21. To treat diseases, disorders, or conditions related to the activity of serotonin receptors, and / or To treat mental illness, and / or, To treat diseases, disorders, or conditions of the central nervous system (CNS), and / or To treat diseases, disorders, or conditions of the nervous system, and / or To increase neural plasticity, and / or, Increases dendritic spine density. A pharmaceutical product selected from one or more of the following: A pharmaceutical product comprising a compound according to any one of claims 1 to 18, or a pharmaceutically acceptable salt, solvate, tautomer, N-oxide, stereoisomer, metabolite, polymorph, and / or prodrug thereof.

22. A pharmaceutical product according to claim 21 for treating a disease, disorder, or condition related to the activity of serotonin receptors, wherein the pharmaceutical product is administered in combination with another agent useful for treating the disease, disorder, or condition, or the pharmaceutical product further comprises another agent useful for treating the disease, disorder, or condition.

23. A pharmaceutical product according to claim 21 for treating mental illness, The pharmaceutical product according to claim 21, wherein the mental disorder is selected from anxiety disorders, depression, mood disorders, psychotic disorders, impulse control and addiction disorders, drug addiction, obsessive-compulsive disorder (OCD), post-traumatic stress disorder (PTSD), stress reaction syndrome, dissociative disorders, depersonalization disorders, factitious disorders, sexual and gender disorders, somatic symptom disorders, hallucinations, delusions, mental disorders, and combinations thereof.

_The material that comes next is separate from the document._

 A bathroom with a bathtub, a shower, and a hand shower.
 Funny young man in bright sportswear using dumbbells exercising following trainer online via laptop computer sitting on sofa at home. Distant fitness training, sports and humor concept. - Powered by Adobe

24. A pharmaceutical product according to claim 21 for treating a disease, disorder, or condition of the central nervous system (CNS), or for treating a disease, disorder, or condition of the nervous system, The aforementioned diseases, disorders, or conditions of the CNS and / or diseases, disorders, or conditions of the nervous system include neurodevelopmental disorders and neurodegenerative diseases such as Alzheimer's disease; presenile dementia; senile dementia; vascular dementia; Lewy body dementia; cognitive impairment, Parkinson's disease, and Parkinsonian dementia, as well as corticobasal degeneration and Parkinson's disease-related disorders such as supranuclear palsy; epilepsy; CNS trauma; CNS infection; CNS inflammation; stroke; multiple sclerosis; Huntington's disease; mitochondrial disorders; brittle X syndrome; Angelman syndrome; hereditary ataxia; neuro-otology. A medicinal product according to claim 21, selected from neurological disorders and oculomotor disorders; neurodegenerative diseases of the retina, amyotrophic lateral sclerosis; tardive dyskinesia; hyperactivity disorder; attention deficit hyperactivity disorder and attention deficit disorder; restless legs syndrome; Tourette syndrome; schizophrenia; autism spectrum disorder; tuberous sclerosis; Rett syndrome; cerebral palsy; reward system disorders including eating disorders such as anorexia nervosa and bulimia nervosa; bulimia nervosa, trichotillomania, dermatopruriticism, nail biting; migraine; fibromyalgia; and peripheral neuropathy of any etiology, as well as combinations thereof, of the nervous system.